Additionally, these recordings can be altered in order to fit the unique needs and experiences of a particular learning audience, whether they are linguistic, cultural or legal. “In the software industry, there’s different regulations sometimes in different areas of the world that need to be specific for certain customers,” Longshaw said. “By tweaking, we’re able to essentially record what would be a canned presentation that would support, say, 85 percent of our workforce or our customer base, and then supplement that with either live individuals adding to that, or additional supplemental recordings to add on to that, to fit specific industry demands or industry needs or government requirements.”
If not for this method, some QAD employees would not have been trained on these new products. “What normally would have happened was they simply would have missed out before and not had the capability to participate,” Longshaw said.
QAD also is in the process of developing a “one-stop shopping” e-learning program to provide a wealth of specialized educational content to employees. One of the many benefits of this new initiative is that it will take some pressure off of the company’s subject-matter experts, Sherry said. “We only have so many experts in a certain product division.
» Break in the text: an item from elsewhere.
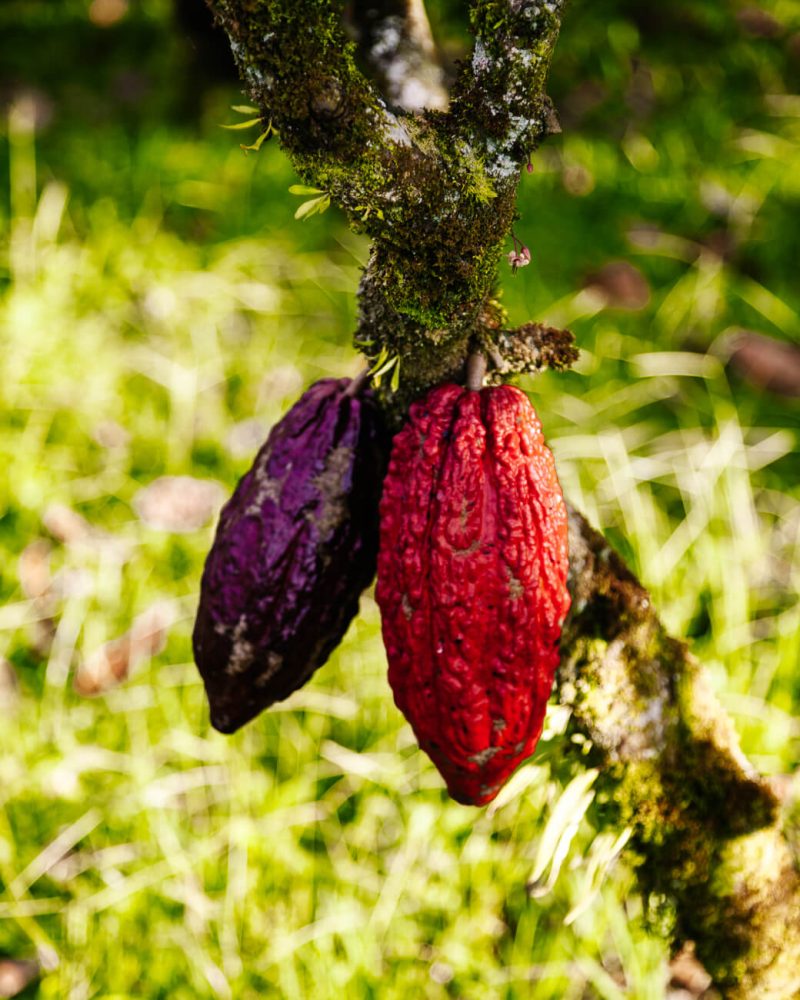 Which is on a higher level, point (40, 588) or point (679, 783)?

With the time constraints on them, there’s been cases in the past where an individual may have been required to perform a training class at all these different locations and then need to go on a customer site to do it.”
By employing technology-based solutions such as collaboration tools and e-learning, QAD will be able to realize its primary learning objective. “We have a lot of pieces to the puzzle,” Longshaw said. “We’ve started to assemble those pieces, and I think we’re setting ourselves up to provide global enterprise-wide training and learning development both internally to our employees and externally to our customer base.”